Jutarnji list
- Front page of the 17 October 2009 issue
- Type: Daily newspaper
- Format: Berliner
- Owners: Ana Hanžeković Krznarić (CEO); Dora Hanžeković Žuža;
- Publisher: Hanza Media d.o.o.
- Editor-in-chief: Goran Ogurlić
- Founded: 6 April 1998
- Political alignment: Liberalism Social democracy
- Language: Croatian
- City: Zagreb
- Country: Croatia
- Circulation: 66,000 (October 2014)
- ISSN: 1331-5692
- Website: www.jutarnji.hr

= Jutarnji list =

Croatian daily newspaper

Jutarnji list (lit. 'The Morning Paper') is a Croatian daily newspaper based in Zagreb. It was published on 6 April 1998 by EPH (Europapress holding, owned by Ninoslav Pavić), which eventually changed its name in Hanza Media after being bought by Marijan Hanžeković. The newspaper is published in the Berliner format and online. Its online edition, Jutarnji.hr, is the second most-visited news website in Croatia after Index.hr.

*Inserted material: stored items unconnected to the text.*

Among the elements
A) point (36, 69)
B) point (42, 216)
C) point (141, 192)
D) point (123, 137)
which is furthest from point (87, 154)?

According to Hanžeković, "Jutarnji list should be conceptually a newspaper of liberal and social-democratic orientation, with emphasis on accuracy and relevance."

== History and profile ==
Jutarnji list was launched in April 1998, becoming the first successful Croatian daily newspaper to appear since the 1950s. It was named after the Jutarnji list Zagreb daily that used to circulate from 1912 until 1941. The newspaper is part of Hanza Media media group.

In 2003, Jutarnji list launched a comprehensive Sunday edition, Nedjeljni Jutarnji. On 19 February 2005, Jutarnji list published an exhaustive biography of Ante Gotovina. (Note: A French translation of this investigation can be found in and titled "Courrier des Balkans".)

The paper quickly took the majority of the Croatian media market and became one of the most-read newspapers in that country. In the first five years, it sold more than 214 million copies. During the actual economic crisis, the number of sold copies diminished from about 80,000 in 2007 to 52,763 in 2013. The crisis hit in the same manner as other daily newspapers in Croatia. The circulation of Jutarnji list was 66,000 copies in October 2014.

== Controversies ==
In February 2008, Jutarnji list was involved in a scandal when it published an interview with what was thought to be Prime Minister of Croatia Ivo Sanader. The reporter contacted then-23-year-old Viktor Zahtila by e-mail and SMS, whom he assumed to be the prime minister. Zahtila replied via e-mail and did not state that he was Ivo Sanader.